EXERCISE DETAILS >> Every line from the line containing "Cream Chenille Throw" through the final line below is to be repeated exactly; no other line is.

::::::::

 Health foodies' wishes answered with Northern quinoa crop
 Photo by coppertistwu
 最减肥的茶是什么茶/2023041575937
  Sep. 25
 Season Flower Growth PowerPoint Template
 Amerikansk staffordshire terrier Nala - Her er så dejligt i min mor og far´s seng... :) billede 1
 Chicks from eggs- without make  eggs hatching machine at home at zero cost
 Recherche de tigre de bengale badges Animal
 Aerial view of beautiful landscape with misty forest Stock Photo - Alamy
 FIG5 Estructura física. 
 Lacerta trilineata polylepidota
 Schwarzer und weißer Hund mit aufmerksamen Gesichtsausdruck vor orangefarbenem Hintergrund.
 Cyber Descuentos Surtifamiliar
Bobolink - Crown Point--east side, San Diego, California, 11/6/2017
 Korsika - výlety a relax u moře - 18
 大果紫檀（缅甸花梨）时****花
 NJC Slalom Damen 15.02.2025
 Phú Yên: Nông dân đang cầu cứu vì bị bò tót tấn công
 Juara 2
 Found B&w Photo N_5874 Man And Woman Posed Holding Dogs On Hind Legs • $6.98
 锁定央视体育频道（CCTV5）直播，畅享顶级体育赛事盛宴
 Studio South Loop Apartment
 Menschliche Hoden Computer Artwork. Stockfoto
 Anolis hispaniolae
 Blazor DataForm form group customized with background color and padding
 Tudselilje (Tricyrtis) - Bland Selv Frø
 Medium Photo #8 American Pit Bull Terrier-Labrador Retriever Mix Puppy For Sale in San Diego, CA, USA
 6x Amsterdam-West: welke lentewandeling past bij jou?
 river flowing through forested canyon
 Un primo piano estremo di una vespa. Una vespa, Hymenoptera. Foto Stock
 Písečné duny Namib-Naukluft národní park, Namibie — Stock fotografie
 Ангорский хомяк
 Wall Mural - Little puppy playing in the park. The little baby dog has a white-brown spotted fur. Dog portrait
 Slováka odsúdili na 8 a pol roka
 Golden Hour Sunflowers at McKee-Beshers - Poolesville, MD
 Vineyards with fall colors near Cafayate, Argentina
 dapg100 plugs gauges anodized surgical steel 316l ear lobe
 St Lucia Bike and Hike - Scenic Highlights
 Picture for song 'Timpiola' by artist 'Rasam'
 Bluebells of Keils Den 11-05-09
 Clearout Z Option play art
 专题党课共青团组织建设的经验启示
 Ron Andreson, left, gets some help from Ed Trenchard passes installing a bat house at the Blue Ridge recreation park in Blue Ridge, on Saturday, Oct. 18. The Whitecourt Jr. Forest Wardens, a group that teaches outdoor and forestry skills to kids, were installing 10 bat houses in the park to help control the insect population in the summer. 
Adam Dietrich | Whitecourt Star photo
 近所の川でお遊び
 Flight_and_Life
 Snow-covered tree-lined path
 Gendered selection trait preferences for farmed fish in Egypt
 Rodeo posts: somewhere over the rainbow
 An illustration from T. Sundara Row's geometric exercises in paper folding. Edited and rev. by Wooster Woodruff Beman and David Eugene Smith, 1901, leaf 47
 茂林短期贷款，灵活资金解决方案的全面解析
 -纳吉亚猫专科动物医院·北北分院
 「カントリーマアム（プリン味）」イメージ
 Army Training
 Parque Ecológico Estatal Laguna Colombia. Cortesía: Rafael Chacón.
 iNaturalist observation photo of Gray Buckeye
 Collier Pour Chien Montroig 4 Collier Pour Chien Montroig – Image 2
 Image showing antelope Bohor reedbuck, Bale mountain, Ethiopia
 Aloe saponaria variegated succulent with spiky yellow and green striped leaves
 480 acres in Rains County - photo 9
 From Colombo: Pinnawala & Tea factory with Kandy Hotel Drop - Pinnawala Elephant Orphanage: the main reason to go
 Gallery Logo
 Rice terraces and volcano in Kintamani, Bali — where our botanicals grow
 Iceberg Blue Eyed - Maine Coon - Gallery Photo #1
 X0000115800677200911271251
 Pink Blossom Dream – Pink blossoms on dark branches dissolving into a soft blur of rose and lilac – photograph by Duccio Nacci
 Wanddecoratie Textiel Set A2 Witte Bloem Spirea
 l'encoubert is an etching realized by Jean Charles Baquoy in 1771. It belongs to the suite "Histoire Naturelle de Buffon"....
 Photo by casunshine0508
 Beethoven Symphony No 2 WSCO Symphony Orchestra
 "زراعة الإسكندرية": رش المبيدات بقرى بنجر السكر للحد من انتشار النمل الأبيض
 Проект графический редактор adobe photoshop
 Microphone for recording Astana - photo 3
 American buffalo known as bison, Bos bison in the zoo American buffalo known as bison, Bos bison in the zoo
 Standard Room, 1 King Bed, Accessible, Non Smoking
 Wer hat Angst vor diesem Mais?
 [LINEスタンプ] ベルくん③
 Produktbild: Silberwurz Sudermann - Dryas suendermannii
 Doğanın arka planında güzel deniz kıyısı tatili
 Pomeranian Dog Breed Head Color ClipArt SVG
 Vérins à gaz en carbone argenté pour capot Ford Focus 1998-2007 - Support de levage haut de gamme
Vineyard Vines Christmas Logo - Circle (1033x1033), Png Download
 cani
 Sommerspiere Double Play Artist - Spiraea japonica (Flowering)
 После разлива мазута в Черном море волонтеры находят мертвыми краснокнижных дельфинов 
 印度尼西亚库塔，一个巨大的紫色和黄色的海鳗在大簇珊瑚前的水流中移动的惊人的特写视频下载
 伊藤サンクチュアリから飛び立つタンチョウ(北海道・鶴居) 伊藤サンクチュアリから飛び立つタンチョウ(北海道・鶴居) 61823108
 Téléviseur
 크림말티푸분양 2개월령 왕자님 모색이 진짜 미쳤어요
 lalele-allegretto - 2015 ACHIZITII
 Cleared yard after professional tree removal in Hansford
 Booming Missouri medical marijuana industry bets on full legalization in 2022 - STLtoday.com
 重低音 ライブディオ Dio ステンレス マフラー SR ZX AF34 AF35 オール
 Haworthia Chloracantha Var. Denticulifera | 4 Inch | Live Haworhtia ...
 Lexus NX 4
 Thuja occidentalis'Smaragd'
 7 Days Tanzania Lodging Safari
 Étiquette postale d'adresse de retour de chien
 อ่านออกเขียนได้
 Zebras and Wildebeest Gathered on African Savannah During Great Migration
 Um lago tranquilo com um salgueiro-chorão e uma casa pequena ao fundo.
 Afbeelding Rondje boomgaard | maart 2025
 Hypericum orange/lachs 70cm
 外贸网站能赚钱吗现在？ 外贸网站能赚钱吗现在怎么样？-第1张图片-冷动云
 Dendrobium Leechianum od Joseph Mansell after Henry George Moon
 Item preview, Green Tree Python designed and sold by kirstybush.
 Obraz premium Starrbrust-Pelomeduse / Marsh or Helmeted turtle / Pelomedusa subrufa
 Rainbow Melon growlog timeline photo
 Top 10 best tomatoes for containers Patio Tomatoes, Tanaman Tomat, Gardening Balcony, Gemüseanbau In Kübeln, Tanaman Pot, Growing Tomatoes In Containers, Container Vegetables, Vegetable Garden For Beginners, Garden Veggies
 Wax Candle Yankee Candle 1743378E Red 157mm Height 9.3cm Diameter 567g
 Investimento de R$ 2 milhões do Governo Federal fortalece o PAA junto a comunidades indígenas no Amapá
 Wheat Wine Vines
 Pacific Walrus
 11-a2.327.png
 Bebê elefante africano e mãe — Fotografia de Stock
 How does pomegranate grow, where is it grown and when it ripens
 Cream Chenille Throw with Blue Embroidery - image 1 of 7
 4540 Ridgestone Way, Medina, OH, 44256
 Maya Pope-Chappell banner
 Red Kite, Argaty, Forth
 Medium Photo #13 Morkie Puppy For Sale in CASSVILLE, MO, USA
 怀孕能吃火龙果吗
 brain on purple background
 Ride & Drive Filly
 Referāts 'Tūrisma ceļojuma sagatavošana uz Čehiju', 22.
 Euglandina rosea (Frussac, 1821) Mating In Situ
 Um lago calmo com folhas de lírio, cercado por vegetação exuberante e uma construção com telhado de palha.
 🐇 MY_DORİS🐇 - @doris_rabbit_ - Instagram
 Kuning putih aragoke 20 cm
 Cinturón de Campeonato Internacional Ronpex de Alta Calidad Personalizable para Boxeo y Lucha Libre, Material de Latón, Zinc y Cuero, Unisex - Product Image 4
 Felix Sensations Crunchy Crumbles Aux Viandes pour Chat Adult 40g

::::::::

RESPONSE TO THE EXERCISE >>
 Cream Chenille Throw with Blue Embroidery - image 1 of 7
 4540 Ridgestone Way, Medina, OH, 44256
 Maya Pope-Chappell banner
 Red Kite, Argaty, Forth
 Medium Photo #13 Morkie Puppy For Sale in CASSVILLE, MO, USA
 怀孕能吃火龙果吗
 brain on purple background
 Ride & Drive Filly
 Referāts 'Tūrisma ceļojuma sagatavošana uz Čehiju', 22.
 Euglandina rosea (Frussac, 1821) Mating In Situ
 Um lago calmo com folhas de lírio, cercado por vegetação exuberante e uma construção com telhado de palha.
 🐇 MY_DORİS🐇 - @doris_rabbit_ - Instagram
 Kuning putih aragoke 20 cm
 Cinturón de Campeonato Internacional Ronpex de Alta Calidad Personalizable para Boxeo y Lucha Libre, Material de Latón, Zinc y Cuero, Unisex - Product Image 4
 Felix Sensations Crunchy Crumbles Aux Viandes pour Chat Adult 40g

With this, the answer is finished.